# Finding a derivative by definition

• Nov 10th 2009, 07:14 AM
Em Yeu Anh
Finding a derivative by definition
(Happy) First of all, hi everyone, I'm new to this forum

I'll cut to the chase.
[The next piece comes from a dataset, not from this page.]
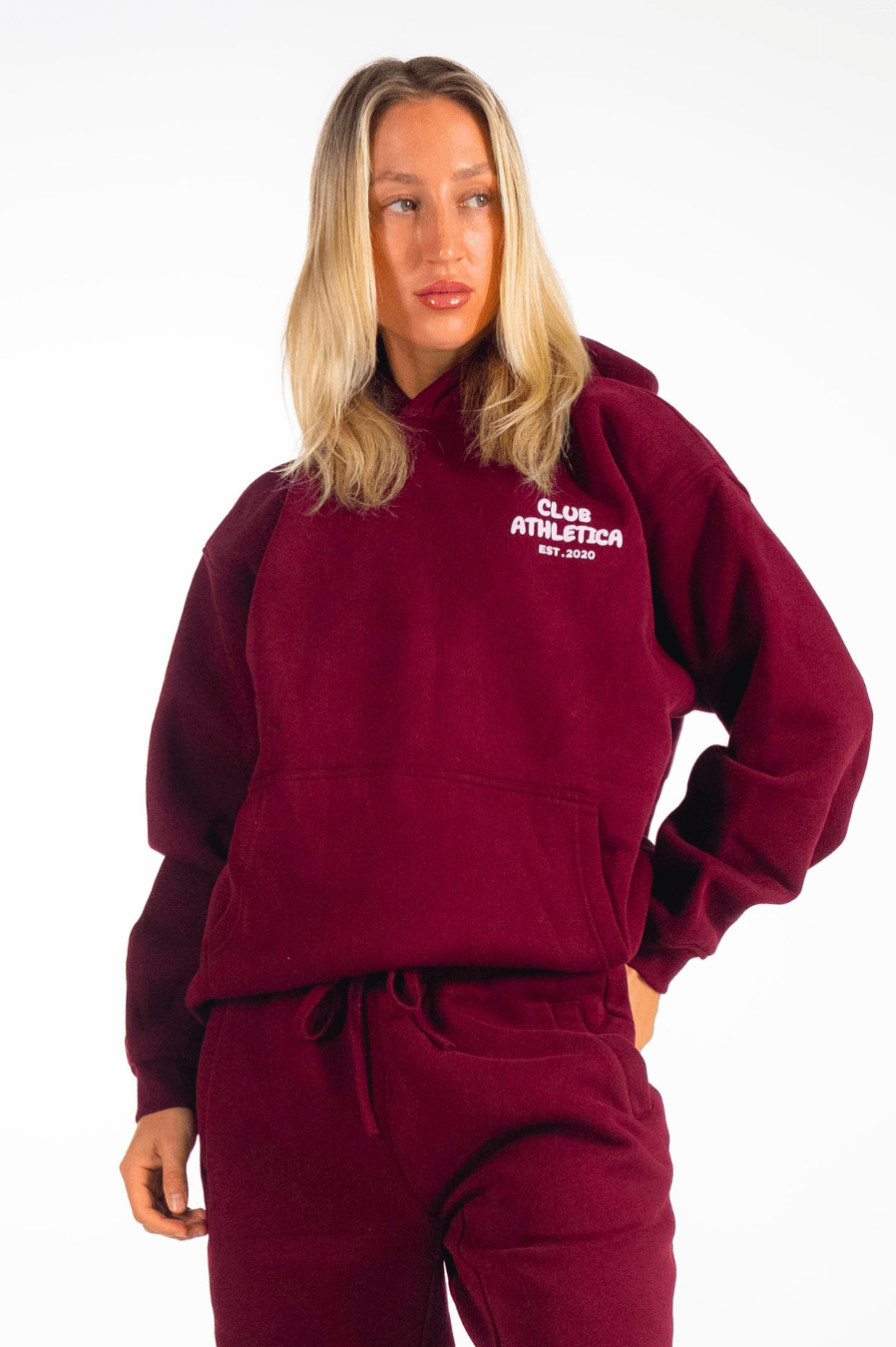 Club Athletica Oversized Premium Hoodie Burgundy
Q: Let $\displaystyle f(x) = \frac{1}{\sqrt{x}} + 2x^2, x>0$. Find f'(x) using the definition of the derivative.

$\displaystyle f'(x) = \lim_{h\to0}\frac{f(x+h)-f(x)}{h}= \lim_{h\to0}\frac{\frac{1}{\sqrt{x+h}}+2(x+h)^2 -\frac{1}{\sqrt{x}}-2x^2}{h}$ Clueless on how to simplify this.
• Nov 10th 2009, 08:09 AM
stapel
Are you allowed to break this apart into two limits?

You've got f(x) = g(x) + h(x), for g(x) = 1/sqrt[x] and h(x) = 2x^2. The h(x) limit is easy, and the g(x) limit isn't that hard, once it's pulled aside and you apply the conjugate (a trick you'll want to keep in mind for the next test):

$\displaystyle \frac{g(x\, +\, h)\, -\, g(x)}{h}\, =\, \frac{\frac{1}{\sqrt{x\, +\, h}}\, -\, \frac{1}{\sqrt{x}}}{h}$

$\displaystyle =\, \frac{\left(\frac{\sqrt{x}\, -\, \sqrt{x\, +\, h}}{\sqrt{x}\sqrt{x\, +\, h}}\right)}{h}\, =\, \frac{\sqrt{x}\, -\, \sqrt{x\, +\, h}}{\sqrt{x}\sqrt{x\, +\, h}(h)}$

$\displaystyle =\, \left(\frac{\sqrt{x}\, -\, \sqrt{x\, +\, h}}{\sqrt{x}\sqrt{x\, +\, h}(h)}\right)\left(\frac{\sqrt{x}\, +\, \sqrt{x\, +\, h}}{\sqrt{x}\, +\, \sqrt{x\, +\, h}}\right)$

$\displaystyle =\, \frac{x\, -\, (x\, +\, h)}{\sqrt{x}\sqrt{x\, +\, h}(h)\left(\sqrt{x}\, +\, \sqrt{x\, +\, h}\right)}$

$\displaystyle =\, \frac{-1}{\sqrt{x}\sqrt{x\, +\, h}\left(\sqrt{x}\, +\, \sqrt{x\, +\, h}\right)}$

Now take the limit. (Wink)